Lacey City Council approves camping ban ordinance
Lacey City Council unanimously approved a camping ban ordinance on Thursday, giving the city a tool to stop people from setting up camp or parking their RVs on public property.
The council tried to pass the ordinance two years ago, but tabled the proposal amid public concern.
About 50 people attended Thursday night’s meeting. The council typically doesn’t allow public comment on items already on the agenda, but Mayor Andy Ryder took questions from the audience and several people addressed the council.
Some spoke out against the ordinance, but many were confused by it, saying it was unclear.
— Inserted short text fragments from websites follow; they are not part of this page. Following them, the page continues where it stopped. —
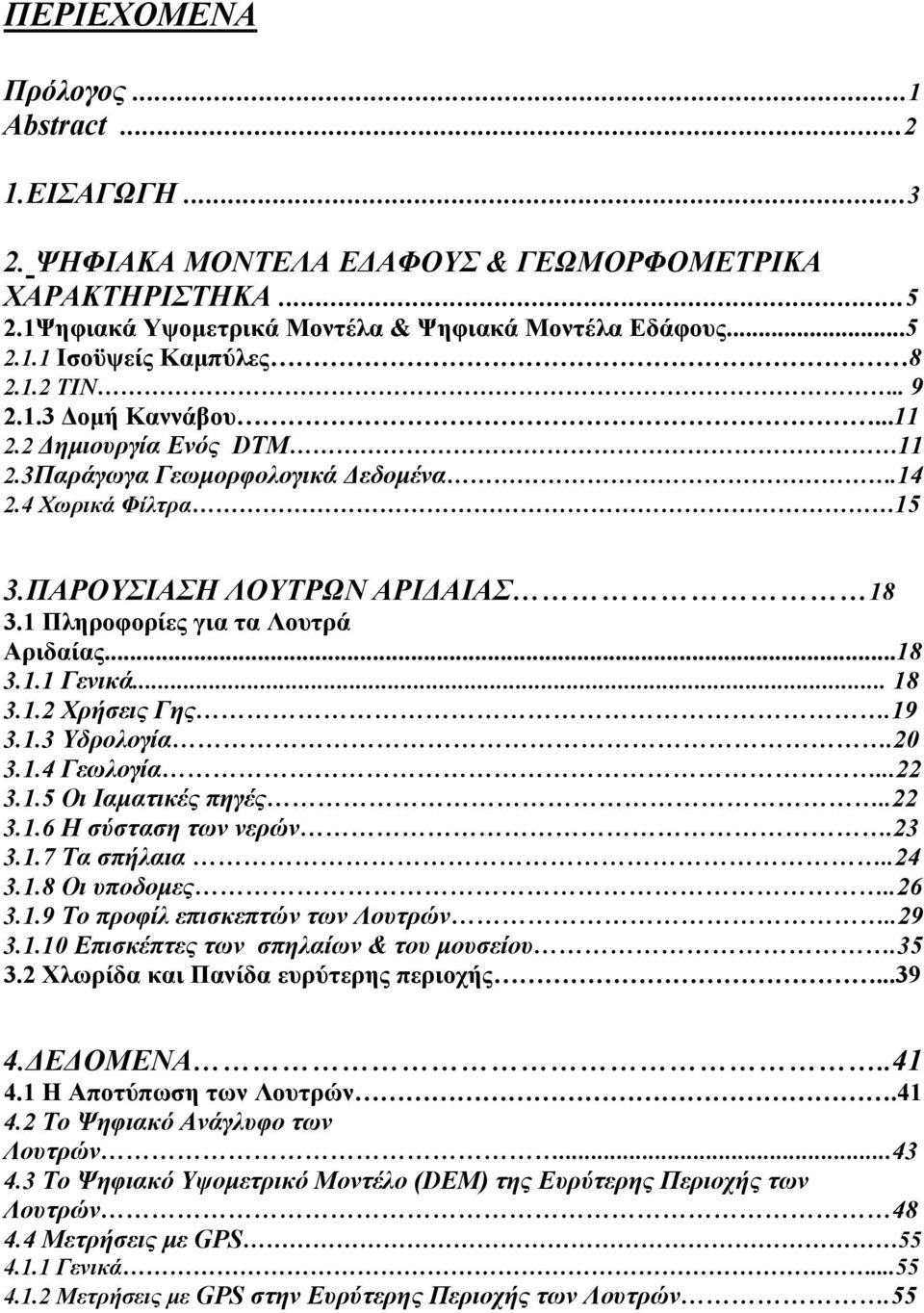 ..18 3.1.1 Γενικά... 18 3.1.2 Χρήσεις Γης.19 3.1.3 Υδρολογία.20 3.1.4 Γεωλογία...22 3.1.5 Οι Ιαματικές πηγές..22 3.1.6 Η σύσταση των νερών.23 3.1.7 Τα σπήλαια..24 3.1.8 Οι υποδομες..26 3.1.9 Το προφίλ επισκεπτών των Λουτρών.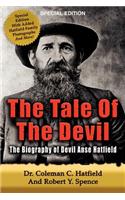Tale of the Devil - The Biography of Devil Anse Hatfield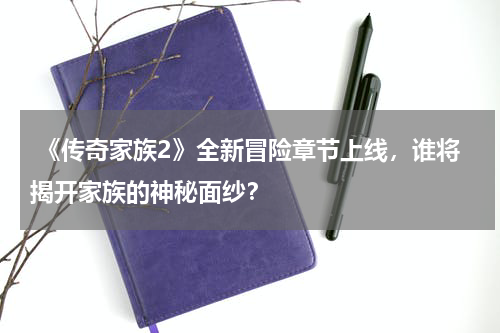  《传奇家族2》全新冒险章节上线，谁将揭开家族的神秘面纱？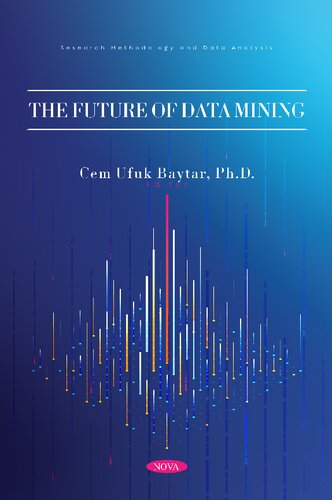 The Future Of Data Mining Cem Ufuk Baytar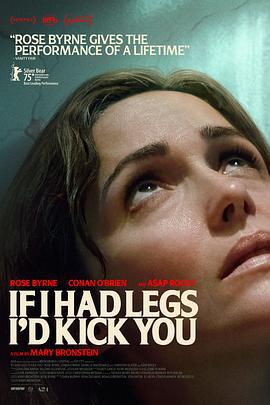 如果有腿，我会踢你 If I Had Legs I’d Kick You (2025) tc海报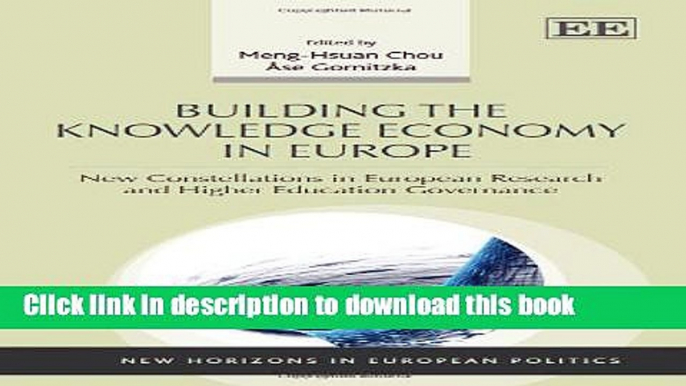 Ebook Building the Knowledge Economy in Europe: New Constellations in European Research and Higher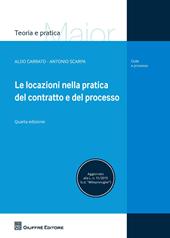 Le locazioni nella pratica del contratto e del processo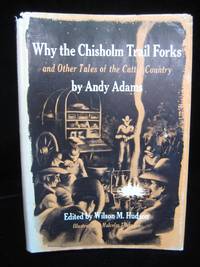 Why the Chisholm Trail Forks: And Other Tales of the Cattle Country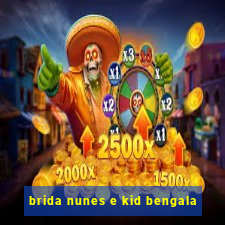 brida nunes e kid bengala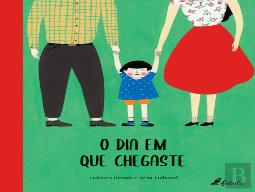 O Dia em que Chegaste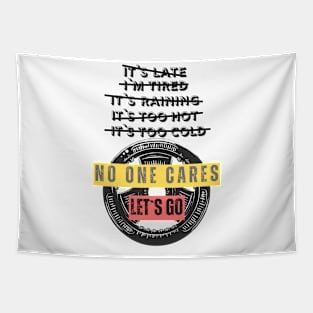 No excuses, let`s go motivational design Tapestry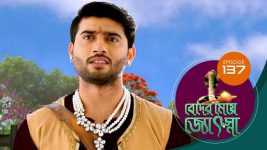 Beder Meye Jyotsna S01E136 19th June 2019 Full Episode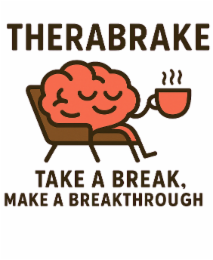 therabrake take a break, make a breakthrough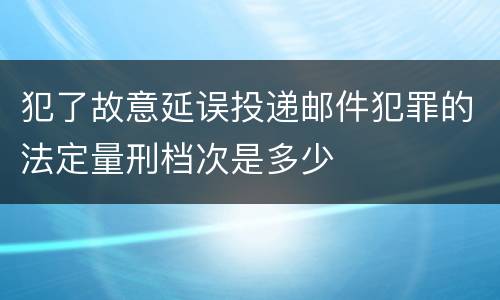 犯了故意延误投递邮件犯罪的法定量刑档次是多少
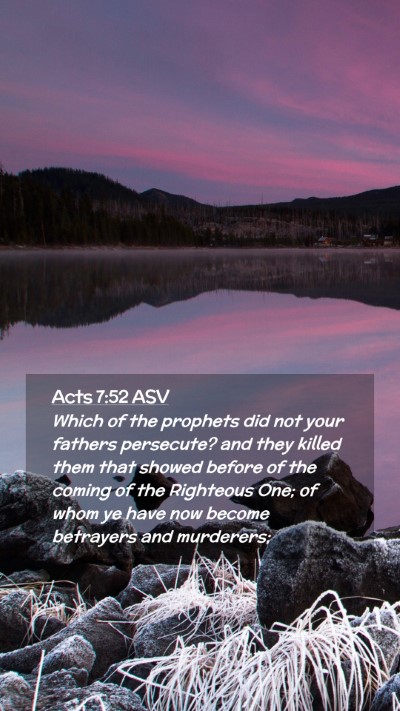 Picture 02 - Acts 7:52 ASV Mobile Phone Wallpaper - Which of the prophets did not your fathers - Mobile Bible Verse Wallpaper
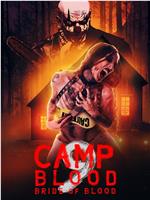 Camp Blood 9: Bride of Blood在线观看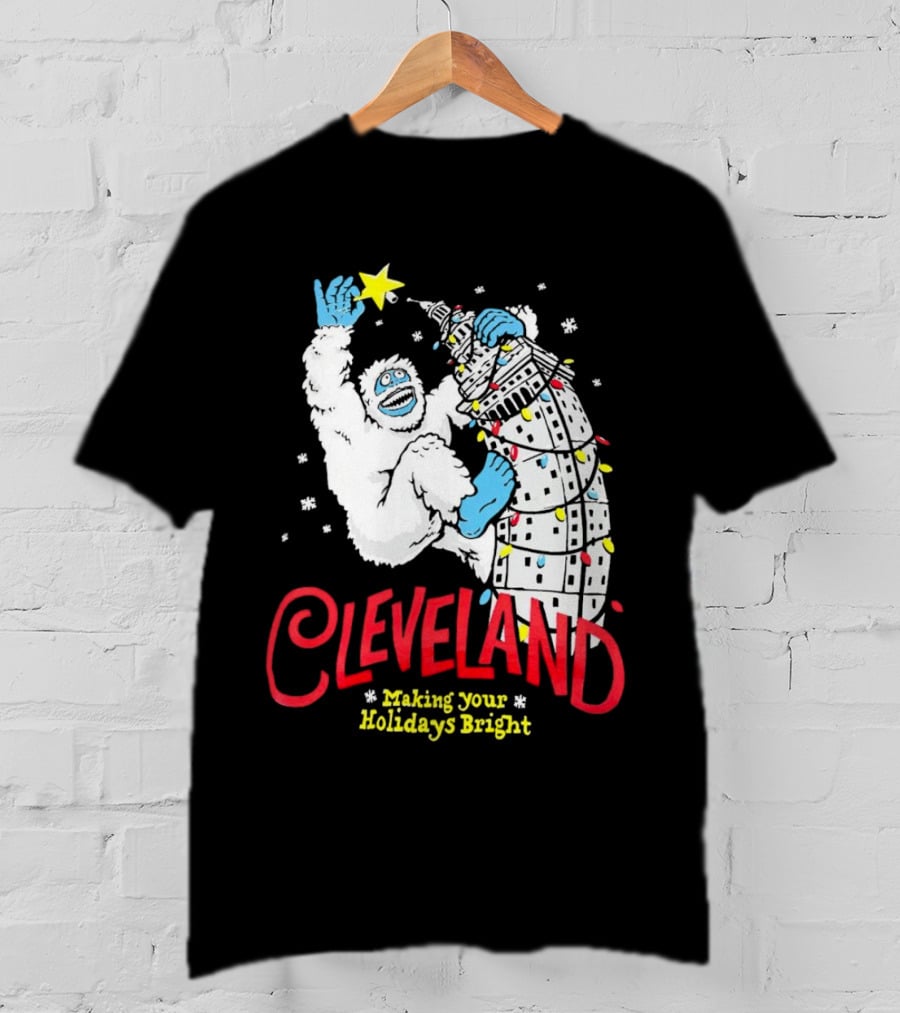Cleveland Abominable Snowman Making Your Holidays Bright T-Shirt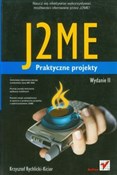 J2ME Prakt... - Krzysztof Rychlicki-Kicior - Ksiegarnia w niemczech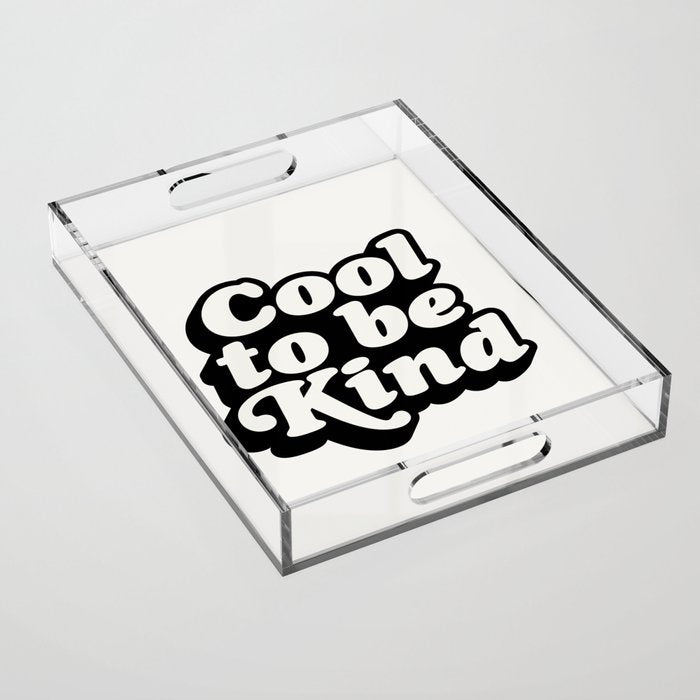Cool to Be Kind Acrylic Tray Gallery Image 1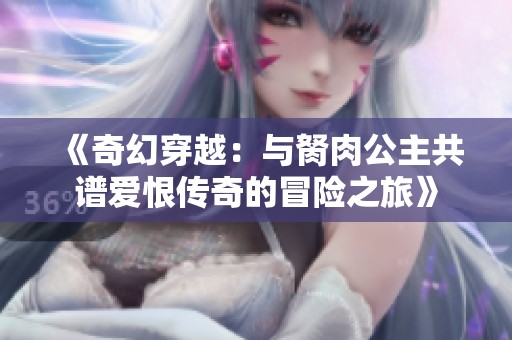 《奇幻穿越：与胬肉公主共谱爱恨传奇的冒险之旅》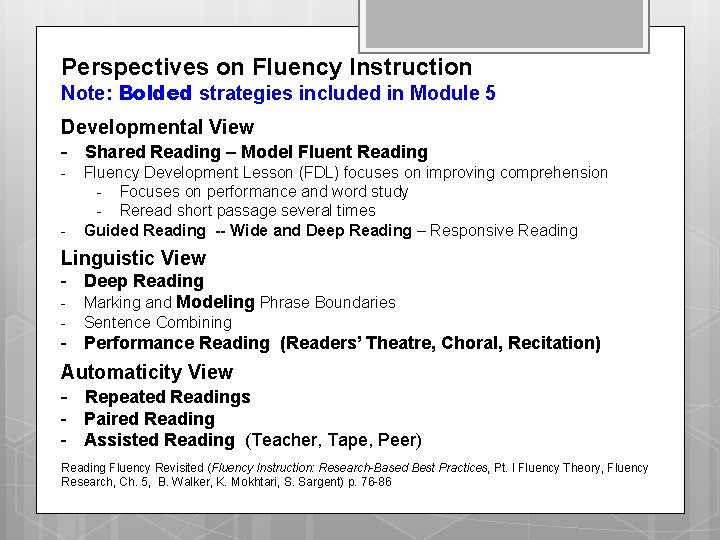 Perspectives on Fluency Instruction Note: Bolded strategies included in Module 5 Developmental View - Perspectives on Fluency Instruction Note: Bolded strategies included in Module 5 Developmental View -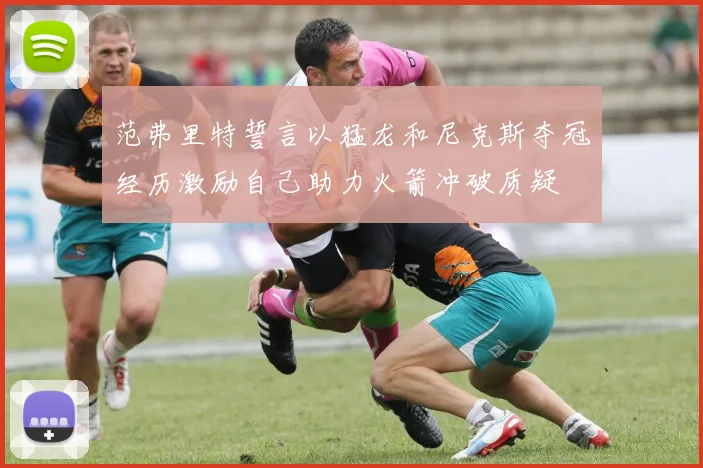 范弗里特誓言以猛龙和尼克斯夺冠经历激励自己助力火箭冲破质疑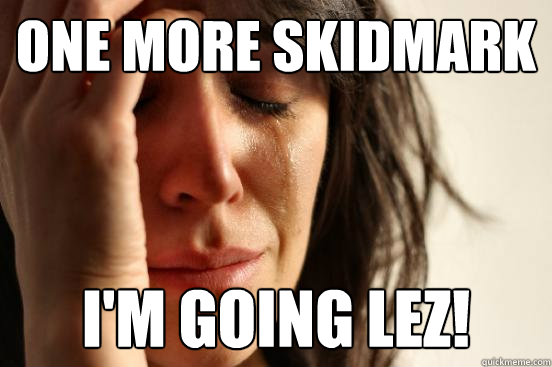 one more skidmark i'm going lez!  First World Problems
Ryder called it a “first step.”
The approved ordinance makes it “unlawful for any person to store personal property, including camp facilities (tents, vehicles) and camp paraphernalia” in any park, street or “any publicly owned parking lot or publicly owned area, improved or unimproved.”
Violating the ordinance would be a misdemeanor punishable by a fine of not more than $1,000 or by imprisonment not to exceed 90 days, or both, according to the ordinance.
However, if police determine the person living out of the tent or RV is homeless and has no where else to go, the officer will determine if adequate shelter space is available. If shelters are full, a citation will not be issued.
If shelter space is available, the officer, at his or her discretion, will provide directions to the shelter or transportation to the shelter.
The ordinance was touted as a way for police to engage with those camping on public property. Lacey Police Chief Ken Semko said now, if a person refuses to talk to police, officers have no choice but to walk away.
“This ordinance will give us the legal authority to speak to them,” Semko said.
The ordinance is legal within the context of a recent federal court ruling involving the city of Boise that found that cities can’t prosecute people for sleeping on streets if they have nowhere else to go, according to city attorney Dave Schneider.
He emphasized that officers are prohibited from enforcement if shelters are full.
“We do believe that this ordinance is in accordance with current law, including the Boise decision,” councilman Lenny Greenstein said.
Lacey does not have any shelters, but the city does help fund shelters in Olympia, including giving $50,000 to help add beds at the Salvation Army in Olympia.
Meanwhile, the Lacey Planning Commission has been working on proposed changes to city code that would allow more than just faith-based organizations to host sanctioned homeless camps. And the city is working with Thurston County on a proposed regional homeless mitigation site at Martin Way and Carpenter Road.
Ryder acknowledged Thursday’s discussion had a “cart-before-the-horse” feel, but he said the city needed to start somewhere.
“We are working on it, but we’re not quite there yet,” he said.
Among the many questions raised during Thursday’s discussion: If someone is living in an RV and directed by police to a shelter, what happens to the RV? Schneider said the “ordinance did not contemplate that exact scenario,” but it could be amended in the future.
Councilwoman Carolyn Cox, who testified against the ordinance two years ago, voted for it this time.
“I’m in deep sympathy with those living on the street and the people trying to help them. I also understand that unsanctioned camping in parks and streets and City Hall presents a public health threat,” Cox said in prepared remarks.
“After much thought, research and conversations with staff and community members, I have decided to vote yes on the camping ordinance. I have faith in our police department and staff to take a compassionate approach while keeping the unhoused and the housed alike safe.”